Dropping 'sqft_above','zip_98001', 'month1' and 'dow1'.

In [None]:
df_en_fin = df_en_fin.drop(['sqft_above','zip_98001','month1','dow1'],axis=1)

df_vif = df_en_fin.drop(["price"],axis=1)
for cname in df_vif.columns:  
    y=df_vif[cname]
    X=df_vif.drop(cname, axis=1)
    regr = LinearRegression(fit_intercept=True)
    regr.fit(X, y)
    rsquared = regr.score(X,y)
    #print(cname,":" ,1/(1-np.power(rsquared,2)))
    if rsquared > 1. -1e-10:
        print(cname,X.columns[(regr.coef_> 0.5) | (regr.coef_ < -0.5)])

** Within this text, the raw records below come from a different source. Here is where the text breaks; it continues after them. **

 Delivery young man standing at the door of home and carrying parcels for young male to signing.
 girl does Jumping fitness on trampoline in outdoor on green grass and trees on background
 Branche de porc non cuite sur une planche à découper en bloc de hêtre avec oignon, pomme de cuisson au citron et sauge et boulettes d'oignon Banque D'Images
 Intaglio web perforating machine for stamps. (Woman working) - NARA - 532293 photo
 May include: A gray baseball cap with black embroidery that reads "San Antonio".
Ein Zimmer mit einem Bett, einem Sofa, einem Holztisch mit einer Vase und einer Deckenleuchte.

NO multicollinearity happens!!

## 3.Model building and Evaluation

The model will be built by using train dataset after detecting multicollinearity.  It will be evaluated on  MSE(mean_squared_error) and MAE(mean_squared_error) in order to compare with 1st model.

In [None]:
X_multi = df_en_fin.drop(['price'],axis=1)
y_target = df_en_fin['price']

In [None]:
X_train,X_test,y_train,y_test = train_test_split(X_multi,y_target,random_state=42)

In [None]:
regr_train=LinearRegression(fit_intercept=True).fit(X_train,y_train)
y_pred = regr_train.predict(X_test)

In [None]:
MAE_2 = mean_absolute_error(y_test,y_pred)
MSE_2 = mean_squared_error(y_test,y_pred)

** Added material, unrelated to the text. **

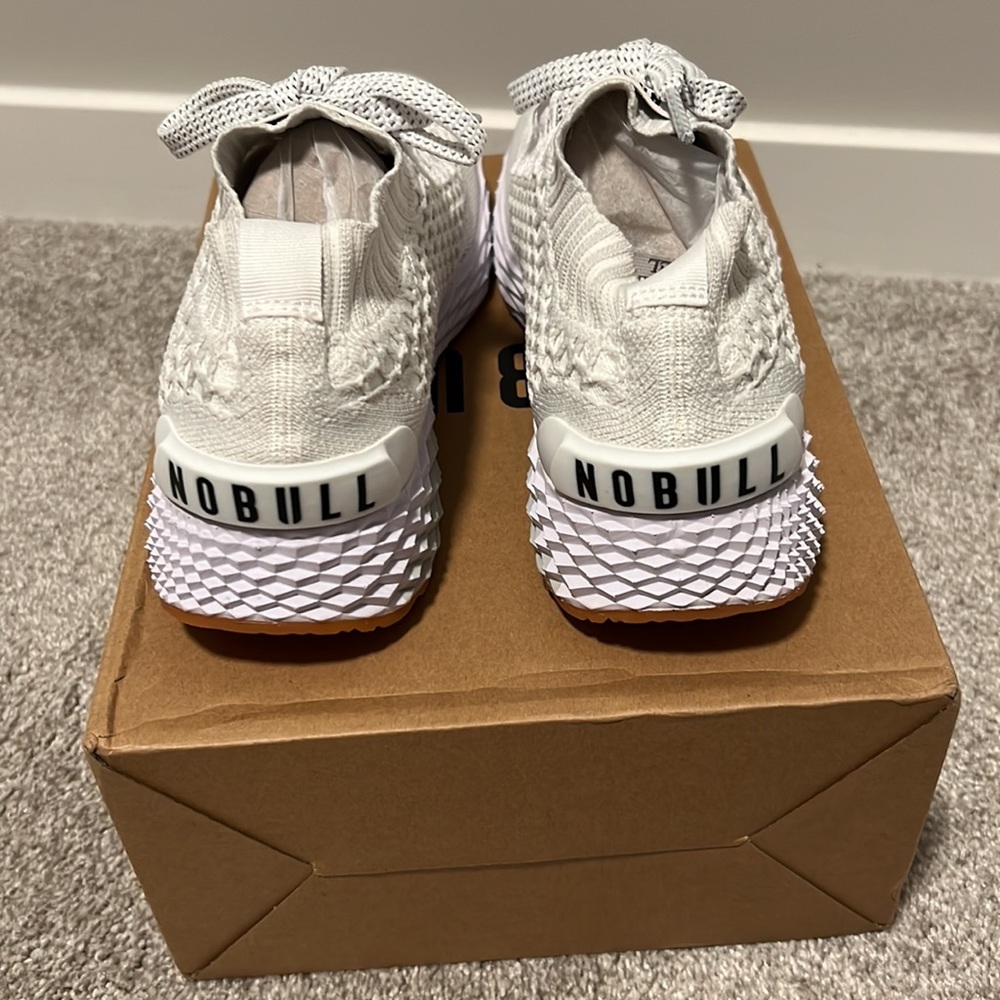 Brand new. Never worn. Size 7.5 Reg. $159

print('MAE_2:',MAE_2,"/","MSE_2:",MSE_2)

In [None]:
print('MAE:{:.4f}'.format(1-MAE_2 / MAE_1),'/','MSE:{:.4f}'.format(1-MSE_2 / MSE_1))

## Conclusion 
The prediction model which conducted feature engineering and detected multicollinearity was clearly better than the 1st model. MAE decreased by 23.5% and MSE does by 36.3%.


## Next Issues
1. Exactly MAE and MSE decreased by more than 20%, however, LinearRegression was only tried at this time. Therefore the other methodology should be tried on the purpose to get better.

2.  As there are over 100 of the explanatory variables, overfitting may happen.Therefore the number of variables may need to decrease.